South African politician

Evelyn "Lindy" Wilson is a South African politician who has served as the provincial leader of the Democratic Alliance in Limpopo since 2023. A former councillor for ward 20 in the Polokwane Local Municipality, Wilson was elected to the National Assembly of South Africa in 2014. She was then appointed Shadow Deputy Minister of Social Development. After the 2019 election, she became the Shadow Deputy Minister of Health. Wilson was sworn in as a member of the Limpopo Provincial Legislature in August 2023.

==Career==
Wilson worked as an advertising manager at Northern Media Group before she started a catering and events management business and an advertising and marketing venture. She also served as the chairperson of the South African National Council on Alcoholism and Drug Dependence (Sanca) in Limpopo.

==Political career==
In 2010, Wilson became the operations manager for the Democratic Alliance in the Mopani District. She stood as the DA candidate in a by-election in ward 20 in the Polokwane Local Municipality in February 2012 and won the seat off the African National Congress. Later that same year, she was elected provincial chairperson of the DA.
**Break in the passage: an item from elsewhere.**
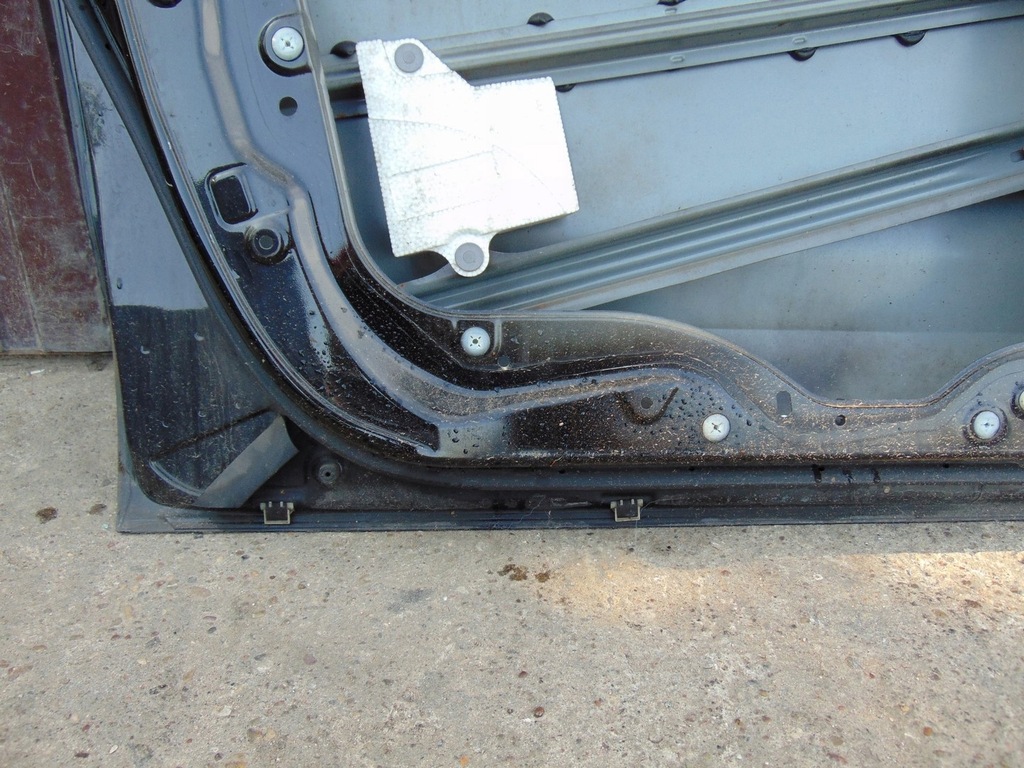 фото №13, Дверь левый перед mazda5 mazda 5 05/08 чёрные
===Parliamentary career===
Wilson was selected to be the DA's provincial campaign manager for the 2014 general elections, which saw the party win over 95,000 votes in the province and three seats in the provincial legislature. She was elected to a DA seat in the National Assembly in the election. Having entered parliament, she was appointed to the Shadow Cabinet as Shadow Deputy Minister of Social Development.

At the DA's provincial conference held in 2017, Wilson was elected one of two deputy provincial chairpersons of the party. The following year, she was appointed head of the DA's Waterberg South constituency.

Wilson was re-elected to the National Assembly in the 2019 general election. Thereafter, she was appointed Shadow Deputy Minister of Health.

In April 2021, DA provincial leader Jacques Smalle was accused of turning a blind eye to allegations of Wilson abusing party funds. Wilson responded to the accusations by saying that it has been investigated and no charges were laid against her by the party.

Wilson successfully contested the position of provincial leader at the DA's provincial conference held on 27 May 2023, defeating the four other candidates for the position. She replaced Smalle, who, in turn, was elected provincial chairperson.

On 4 August 2023, Wilson was sworn in as a member of the Limpopo Provincial Legislature.

==Personal life==
Wilson is married to Brian. They have five children together.